STIK Widya Nusantara Palu Wisuda Sarjana

id wisuda

STIK Widya Nusantara Palu Wisuda Sarjana

Ketua Yayasan STIK Widya Nusantara Pesta Cory, Dipl.Mw.MKes (kedua kanan), Ketua PPNI Sulteng Fajrillah, S.Kep.MM.Kes, (kanan), pakar Kebidanan Unhas Dr Werni Nontji, S.Kep.M.Kep (kiri) dan wisudawati Doris Tandumay, S.Kep. (antarasulteng.com/rolex malaha)

Jangan sampai ada perguruan tinggi hanya bisa kasi ijazah tanpa melalui proses pendidikan dan pembejalaran yang berkualitas."
Palu (antarasulteng.com) - Sekolah Tinggi Ilmu Kesehatan (STIK) Widya Nusantara Palu, menggelar wisuda sarjana angkatan II meliputi 120 wisudawan program sarjana keperawatan dan ahli madya kebidanan di Hotel Swissbell Palu, Senin.

Wisuda sarjana ini mendapat apresiasi dari Sekretaris Kopertis IX DR H. Ibrahim yang menyebutkan bahwa dengan usia tujuh tahun (STIK Widya Nusantara beroperasi mulai 2008), perguruan tinggi ini sudah dua kali melakukan wisuda dengan jumlah alumni saat ini 400 orang lebih.

Hadir pada acara tersebut Kepala Dinas Kesehatan Sulteng dr.
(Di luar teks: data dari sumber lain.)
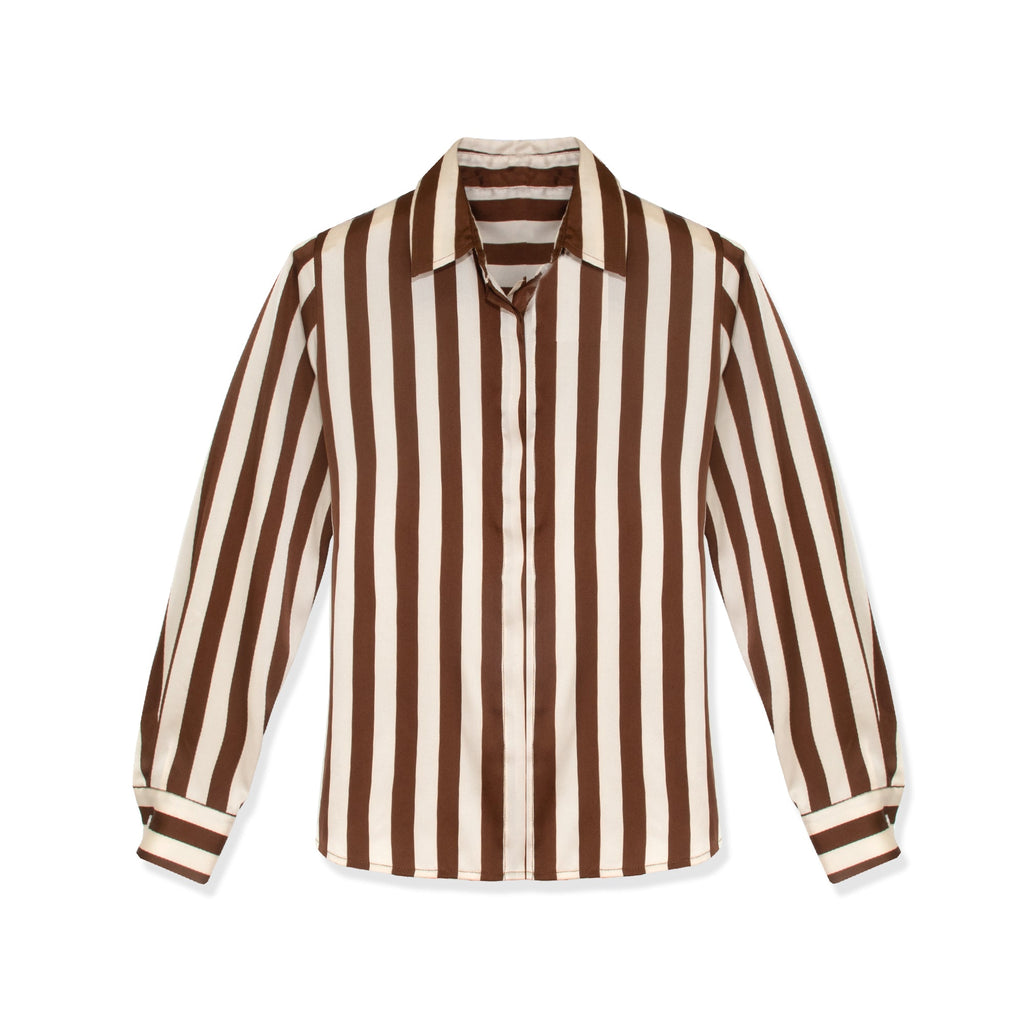 STRIPED  SILKY BLOUSE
Anshayari, Ketua PPNI Sulteng Fajrillah Malonada S.Kep.Ns,MKep, dan Pakar Kebidanan dari Universitas Hasanuddin Makassar Dr Dra Werni Nontji, S.Kep, MKep sekaligus memberikan orasi ilmiah berjudul peran bidan dan perawat dalam pembangunan kesehatan di Indonesia.

Sekretaris Kopertis Wilayah IX Sulawesi Dr H. Ibrahim meminta seluruh perguruan tinggi bidang kesehatan di wilayahnya untuk meningkatkan kualitas dan kompetensi mahasiswa karena sangat penting dalam menghadapi berlakunya Asean Economic Community (AEC) pada 2015.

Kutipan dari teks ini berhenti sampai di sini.